The impact of high level of RES employment on the market integration process is also assessed by Glachant - Ruester (2014). They also highlighted the importance of uncoordinated national policies on RES support and capacity mechanisms.

The absolute level of prices influences the price differential as well: the smallest price gap is in 2010 when prices were the highest in Germany and in Central Europe. This diminishing price difference is likely to be explained by the fact that at higher prices gas fired CCGTs are the price setting plants in both markets. Both fuel price and technology efficiency are similar in the case of this technology regardless the country of operation, so price difference reduces to the minimum.

Price convergence analysis

As we are interested in the longer term impacts of the market integration (rather than what happens on the hourly spot market) we have applied a simple method to assess the level of market integration and to identify the ‘hotspot’ borders. We define regions (European sub- markets) of high price convergence using two alternative indices for each border:

• Yearly average utilisation rate,

• Sum of square of the difference between two countries day-ahead baseload prices (price convergence index).5

Utilisation rate is calculated by dividing the commercial day-ahead schedule by the net transfer capacities: the higher the utilization rate is, lower the market integration between the two countries. Sum of square is calculated as the difference between the daily baseload prices of the bordering countries and reflects the price differences between neighbouring countries.

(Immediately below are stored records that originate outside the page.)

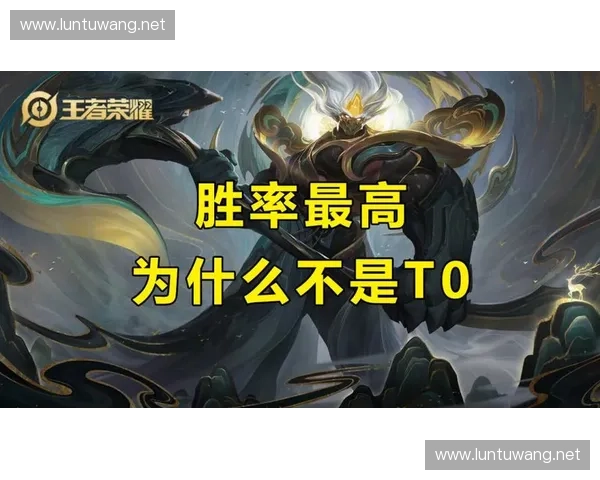 禁英雄画面卡死问题深度分析及解决方案探讨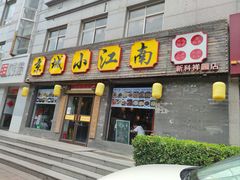 门面-京城小江南·北京烤鸭·江南土菜·白鱼(中关村店)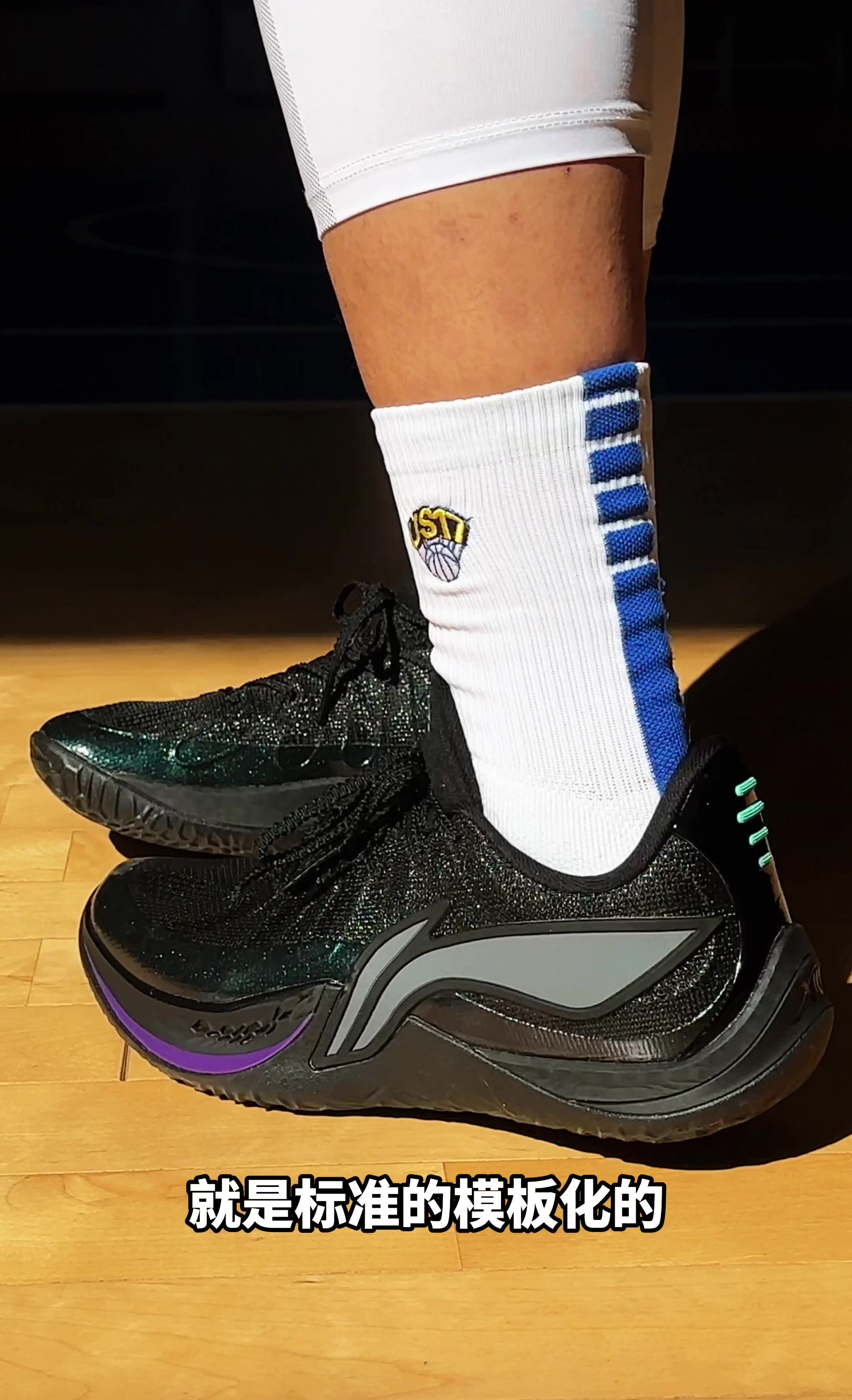 真的是一双突破好鞋呀！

Our analysis does not provide full coverage of the continent due to data limitations. There are 65 borders within the ENTSO-E region (assuming one country is one node) but our analysis includes the utilisation rates for those 51 borders where ENTSO-E publishes data on. The two price convergence indices are calculated only for 39 borders based on the availability of electricity exchange prices or electricity exchanges that can potentially provide transparent price information: the most recent data available for a majority of the electricity exchanges is from 2014 as this is the dataset we used.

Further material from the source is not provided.